Le 25-Juillet : un coup de force célébré comme mascarade révolutionnaire
Présenter le 25 juillet 2021 comme un sursaut révolutionnaire, c’est masquer un coup d’État rampant. Ce moment, soutenu avec ferveur par Rahoui, a vu la dissolution du Parlement, la mise au pas du pouvoir judiciaire, l’adoption d’une Constitution unilatérale et l’instauration d’un pouvoir absolu. Que reste-t-il de la révolution, sinon le mot vidé de son sens ?
Parler de lutte contre « l’infiltration de la justice » pendant qu’on licencie des magistrats par décret et qu’on embastille sans jugement revient à maquiller l’autoritarisme en croisade morale.
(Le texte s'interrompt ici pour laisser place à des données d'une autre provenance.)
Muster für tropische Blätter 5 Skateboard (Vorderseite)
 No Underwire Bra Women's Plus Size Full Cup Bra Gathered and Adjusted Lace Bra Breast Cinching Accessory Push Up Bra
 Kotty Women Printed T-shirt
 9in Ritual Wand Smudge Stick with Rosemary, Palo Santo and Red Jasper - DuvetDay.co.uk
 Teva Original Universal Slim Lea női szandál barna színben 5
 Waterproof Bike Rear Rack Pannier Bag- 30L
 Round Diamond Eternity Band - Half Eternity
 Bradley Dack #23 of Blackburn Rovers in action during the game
La démocratie n’est pas un complot, mais un combat pour les droits
Ce que Rahoui dénonce comme « complot » est souvent la simple expression du désaccord légitime, de la contestation pacifique, du pluralisme politique. La démocratie est par nature conflictuelle. Elle ne se réduit pas à l’unanimisme, elle se nourrit du débat, de la critique, de la divergence.
Les défenseurs de la liberté d’association, de l’indépendance de la justice, du droit à la transparence, ne sont pas les ennemis de la Tunisie, mais les derniers vigiles de sa dignité républicaine. Ceux qui, au contraire, fabriquent des ennemis imaginaires, délirent sur des conspirations permanentes et insultent la société civile, ne défendent ni le peuple, ni la souveraineté : ils défendent le pouvoir, et rien d’autre.
Les droits humains comme boussole
Il est temps de rappeler à Monsieur Rahoui une évidence : aucun pouvoir n’est au-dessus du droit. Aucune autorité, aussi « populaire » se prétend-elle, ne saurait se soustraire aux normes universelles de l’État de droit, de la séparation des pouvoirs, du respect de la dignité humaine.
Les droits fondamentaux – liberté d’expression, droit à un procès équitable, liberté d’association, pluralisme politique – ne sont pas des concessions étrangères : ce sont les piliers de toute démocratie digne de ce nom. Les brader, c’est faire le lit de la tyrannie.
Les défendre, c’est refuser que la Tunisie redevienne ce qu’elle a mis tant d’années à quitter : un pays gouverné par la peur, le soupçon et le silence.